El neurocientífico Antonio Damásio define la conciencia como “la sensación de lo que ocurre”. Otros, como Rodolfo Llinás, sostienen que la conciencia sólo es una propiedad de la materia que compone el cerebro, como la madera tiene la propiedad de arder fácilmente en contacto con el fuego: en ese sentido, una mesa y un cerebro serían más o menos la misma cosa, sentenciaría Llinás golpeando la mesa con el puño en una de sus clases en la universidad.
Los teóricos de la conciencia denominan qualia a la propiedad del cerebro de reconocerse a sí mismo, de proyectar una representación del mundo externo e interno.
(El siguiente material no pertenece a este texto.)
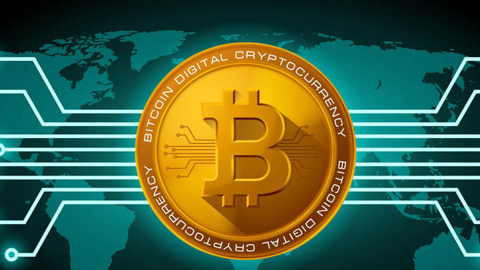 Bitcoin ile ilgili uçuk iddia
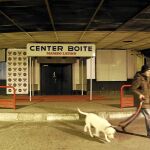 Ocurrió en el número 22 de la calle Orense, a la salida de la discoteca Center. La zona de los bajos de Azca sigue siendo conflictiva y es habitual este tipo de reyertas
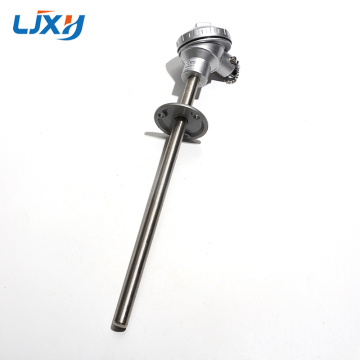 LJXH WZP-330/WZP-331/PT100 Platinum Thermistor PT100 Αισθητήρας θερμοκρασίας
Sin los qualia, el ser humano sería un zombi o un robot.
Pero ¿cómo se originó esta extraña propiedad de la mente? ¿Cómo es posible que un puñado de átomos que no difiere mucho de un calentador de agua o un tallo de brócoli sea consciente de su entorno? (Presumiendo que el calentador de agua o el tallo de brócoli no sean conscientes de su entorno, claro).
De forma muy simplificada, existen 4 posibles respuestas a esta pregunta.
La primera es que los qualia existen como propiedad en toda la materia, incluida la del calentador de agua o el brócoli, pero el cerebro humano es el aparato registrador de qualia más avanzado que se conoce.
La segunda respuesta sostiene que, en la configuración de las células, existe algo único que provoca que la conciencia exista en el cerebro y no en el brócoli. Aunque todavía es una cuestión abierta a debate la naturaleza de ese algo.
La tercera respuesta se refiere a una misteriosa sustancia que la ciencia aún no ha comprendido (la conducta cuántica de la que habla Roger Penrose en La nueva mente del emperador, por ejemplo), la cual origina que un simple rosario de átomos interconectados sea una entidad que siente.
La cuarta respuesta postula que una de las propiedades de la conciencia es que no puede explicarse a sí misma, por lo que nunca entenderemos de verdad los qualia, por mucho que avancemos en nuestro conocimiento, como el pez que se muerde la cola.
Planteamientos extraños y perturbadores, inconcretos, que distan mucho de alcanzar un consenso científico a corto plazo; y que consiguen que uno, al echar el brócoli en el cazo hirviendo, se replantee que quizá está dejando huérfana a una familia de pequeños brócoli.